Deliveries have gone out to an ER nurse whose husband is an ER doctor, a team at Northwestern Memorial Hospital, and an elderly woman who lives alone and whose neighbor thought would appreciate flowers.
“I want to give flowers to those who are dealing with being isolated,” Breslof said. “It’s a hard mental state to be in, and if I can contribute even the smallest touch, the smallest bloom.”
But not everyone is a believer in flower power.
She’s received criticism on social media from people telling her “you’re not an essential business, stay home, stay home.”
Breslof said she’s been careful to take precautions. She buys her flowers curbside from the market and takes them back to her shop where only she, her daughter and her dog have been allowed since the coronavirus pandemic hit. She wipes down any deliveries once she sets them on the the recipient’s doorstep, texts that the arrangement has arrived, waves through the window, and leaves.

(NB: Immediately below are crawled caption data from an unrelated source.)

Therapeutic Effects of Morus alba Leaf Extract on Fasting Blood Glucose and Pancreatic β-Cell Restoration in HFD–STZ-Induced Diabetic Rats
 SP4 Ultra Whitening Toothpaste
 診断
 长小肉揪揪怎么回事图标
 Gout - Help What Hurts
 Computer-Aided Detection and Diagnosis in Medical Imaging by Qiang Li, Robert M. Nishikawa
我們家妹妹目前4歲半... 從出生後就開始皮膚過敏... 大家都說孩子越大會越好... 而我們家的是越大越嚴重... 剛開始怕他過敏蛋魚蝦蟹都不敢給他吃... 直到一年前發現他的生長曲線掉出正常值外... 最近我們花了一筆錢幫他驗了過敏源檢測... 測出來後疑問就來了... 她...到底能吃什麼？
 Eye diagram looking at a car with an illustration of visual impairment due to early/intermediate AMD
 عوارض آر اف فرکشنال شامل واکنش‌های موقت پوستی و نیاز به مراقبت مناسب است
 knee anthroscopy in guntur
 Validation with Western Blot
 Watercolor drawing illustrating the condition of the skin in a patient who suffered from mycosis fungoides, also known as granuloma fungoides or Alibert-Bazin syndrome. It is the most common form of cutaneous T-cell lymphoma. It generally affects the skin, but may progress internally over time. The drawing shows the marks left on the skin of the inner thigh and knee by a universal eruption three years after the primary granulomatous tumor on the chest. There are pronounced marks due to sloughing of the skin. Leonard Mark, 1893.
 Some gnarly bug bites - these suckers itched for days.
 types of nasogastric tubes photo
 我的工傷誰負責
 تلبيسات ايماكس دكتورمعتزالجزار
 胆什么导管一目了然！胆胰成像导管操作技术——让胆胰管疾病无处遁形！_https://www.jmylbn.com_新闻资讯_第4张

“I don’t care what anybody says. My job is essential,” she said. “Pleasure, peace and happiness to know that you are touched and loved by somebody else sending you something beautiful.”
Staying in business, she said, has helped everyone along the supply chain.
“That’s the way to keep the economy going,” she said. “We have to keep the train going.”
But business is down exponentially.
While Breslof never stopped operations, some floral shops that did may be opening again.
The governor’s May executive order permits all retailers that weren’t earlier expressly classified as “essential” to open, for curbside pickup and delivery.
The latest executive order also includes “greenhouses, garden centers, and nurseries” as essential stores.
While most mothers will be happy to receive flowers on Sunday, Breslof, a single mom of a 21-month-old (and an older golden retriever) would rather be giving them.
She’s hoping to complete last-minute Mother’s Day orders, but in the coronavirus age, it’s difficult to gauge demand.
Though she’s trying to take advantage of government small business grants, it’s not a good time to over-project and buy flowers that people won’t order.
“People want peonies now,” said said. “I’ve got them.”